Isabella Baumfree, then just known as Belle, was sold for one hundred dollars along with a flock of sheep to a man named John Neely. Sojourner Truth remembered him as being a harsh and violent man. She was not with him very long as she was sold two more times over the next two years and was finally sold to a man named John Dumont. It was with him that Baumfree learned to speak English for the first time.
Sometime around 1815, Isabella Baumfree had fallen in love with Robert, a slave from a neighboring farm and was allowed to marry him and a daughter was soon born. However, when Robert’s owner found out that the daughter and any future children would become the property of John Dumont, he forbade Robert from seeing her again. In 1817, Dumont made Sojourner Truth marry an older slave named Thomas. Their relationship produced a son named Peter and two daughters named Elizabeth and Sophia.
On July 4th, 1827, the state of New York had emancipated all slaves and a year before that, Sojourner Truth escaped from her owner because he went back on a promise to emancipate her. Truth escaped with her daughter Sophia and left her other daughter and her son behind. When she found out that her son Peter was illegally sold to a slave owner in Alabama, Sojourner Truth went to court and was eventually able to get her son back. This was the first case in which a black woman took a white man to court and won her case.
It wasn’t until 1843, that Isabella Baumfree had changed her name to Sojourner Truth and devoted her life to Christianity in the Methodist religion and to the abolition of slavery. A year later she joined the Northampton Association of Education and Industry in Northampton, Massachusetts. The association was founded by abolitionists and supported a broad reform program including women’s rights. It was here at Northampton that Sojourner Truth met leading abolitionists such as David Ruggles, William Lloyd Garrison, and Fredrick Douglass. The organization disbanded in 1846 but Sojourner Truth kept on with her agenda.

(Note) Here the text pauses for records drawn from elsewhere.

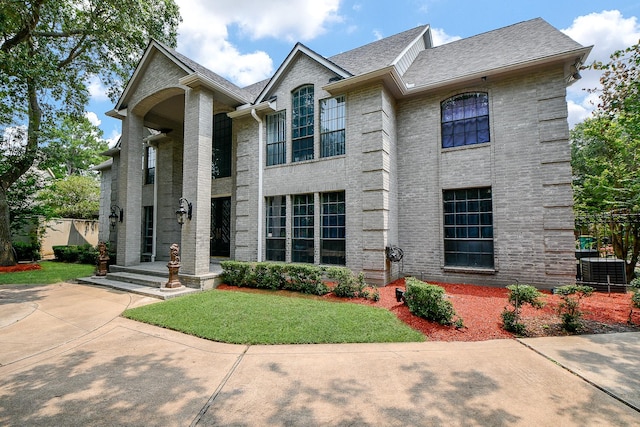 view of front of property with a front yard, brick siding, central AC, and a shingled roof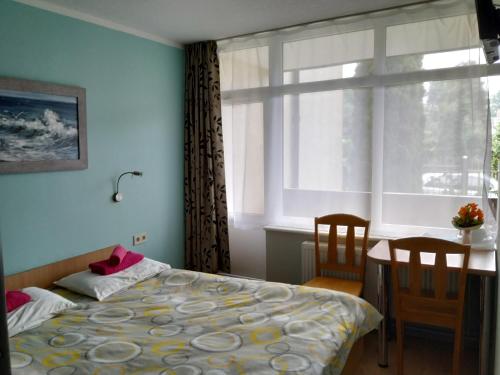 尤尔马拉Concordia的一间卧室配有一张床、一张桌子和一个窗户。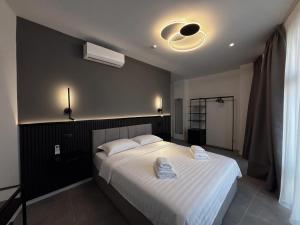 a bedroom with a bed with two towels on it at Lumen - Bright Stay in Bucharest in Bucharest +30 photos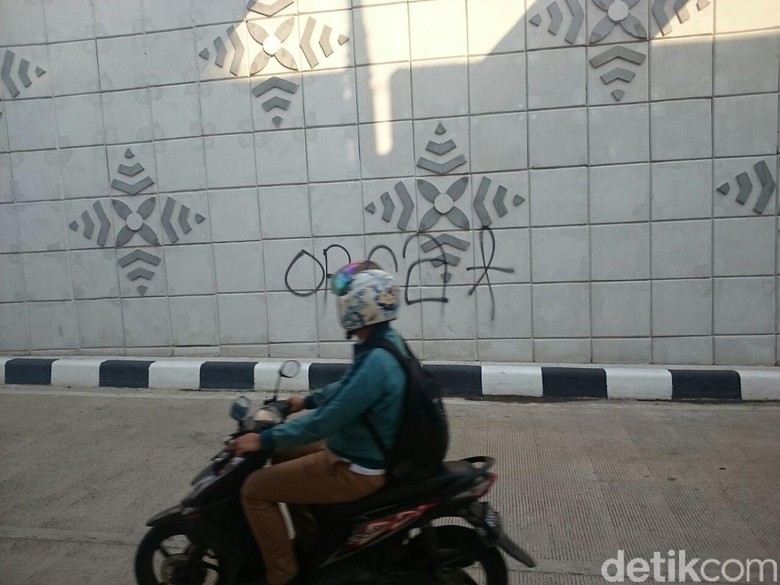 Pengendara motor memperhatikan coretan di dinding underpass Matraman, Senin (30/4/2018) Pengendara motor memperhatikan coretan di dinding underpass Matraman, Senin (30/4/2018)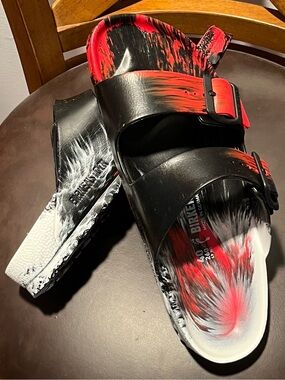 Birkenstock Black Slides with Red and White Paint-Splash (NWOT). Size 7M  9W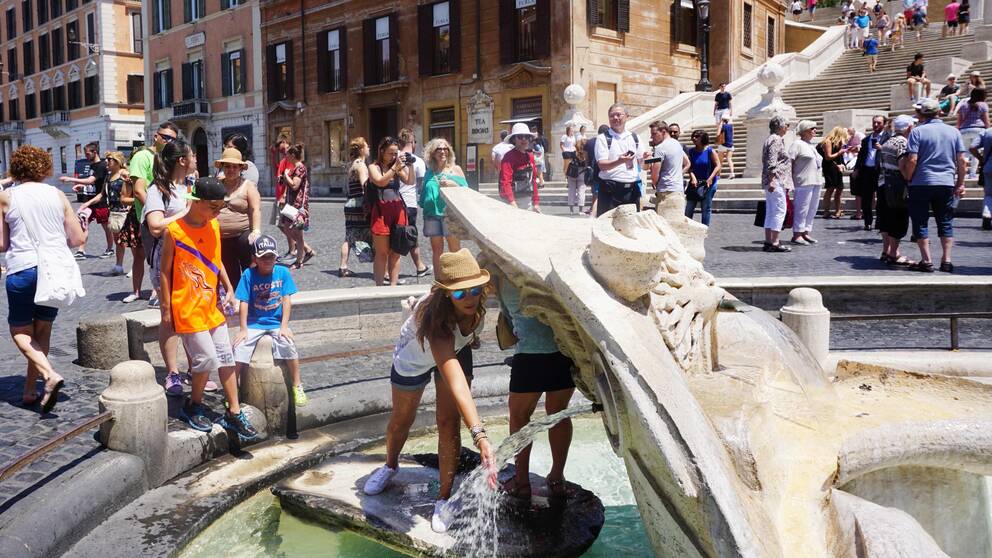 En turist svalkar sig vid fontänen vid Spanska trappan i Rom.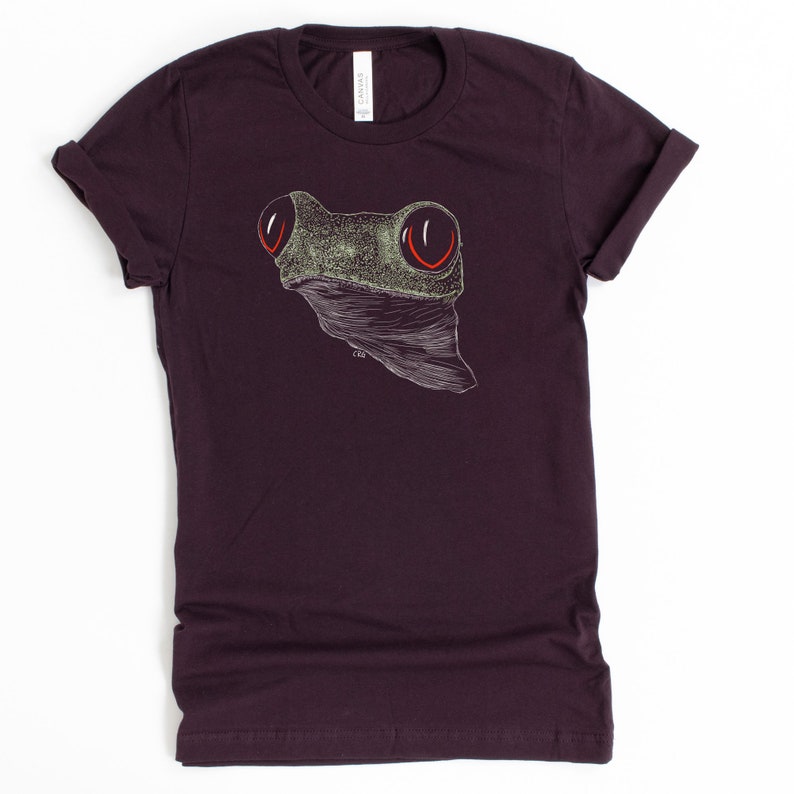 May include: A dark purple t-shirt with a white and green frog illustration. The frog has large red eyes.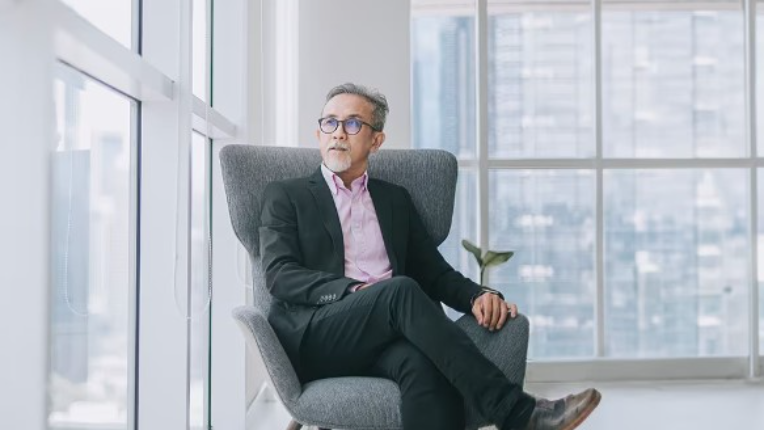 Businessperson sitting in armchair in urban building.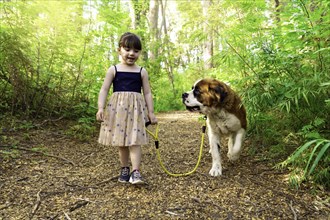 Girl walking with her dog in a forest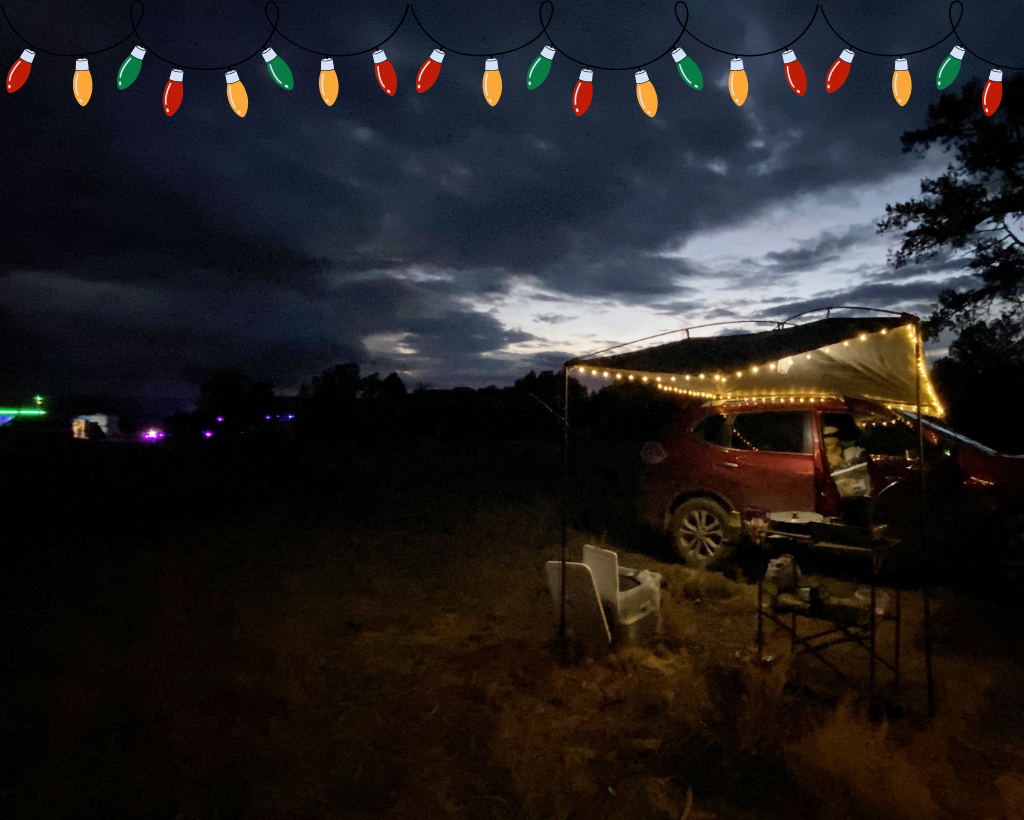 Nissan Rogue with MoonShade and string lights under a dark, twilight sky.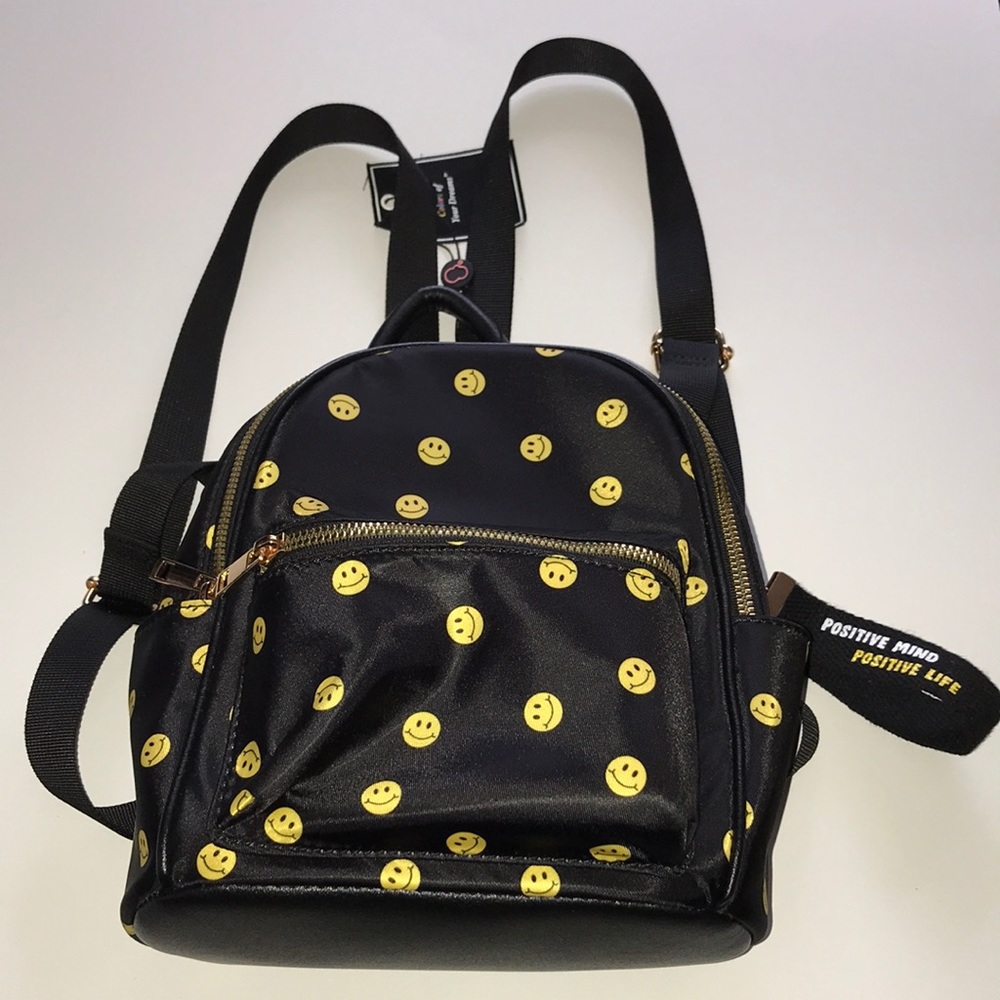 Yellow smiley face backpack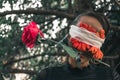 Woman with red flowers bandaged to her eyes with a rose in her mouth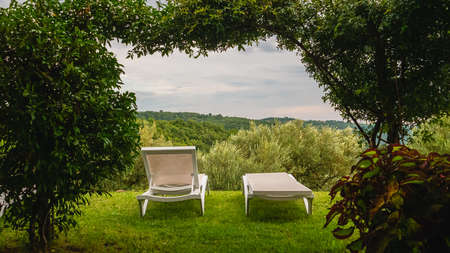 A sunbed toward panoramic view of Impruneta.の写真素材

In 1850, Sojourner Truth published her memoirs under the title of The Narrative of Sojourner Truth: A Northern Slave. William Lloyd Garrison wrote the preface for the book. It was the same year that Sojourner Truth spoke at the first National Women’s Rights Convention in Worcester, Massachusetts. She soon began touring regularly with another abolitionist named George Thompson and spoke to large crowds on the subjects of human rights and slavery.
In May of 1851, Sojourner Truth gave a famous speech at the Ohio Women’s Convention. The speech now known as “Ain’t I A Woman?”speech. Sojourner Truth spent the rest of her life speaking on women’s rights, slavery, and even prison reform. She passed away at her home in Battle Creek, Michigan in 1883 and is buried in the Oak Hill Cemetery in Battle Creek.
Sojourner Truth will always be remembered as a leader in the abolition movement and an important cog in the machine of women’s rights.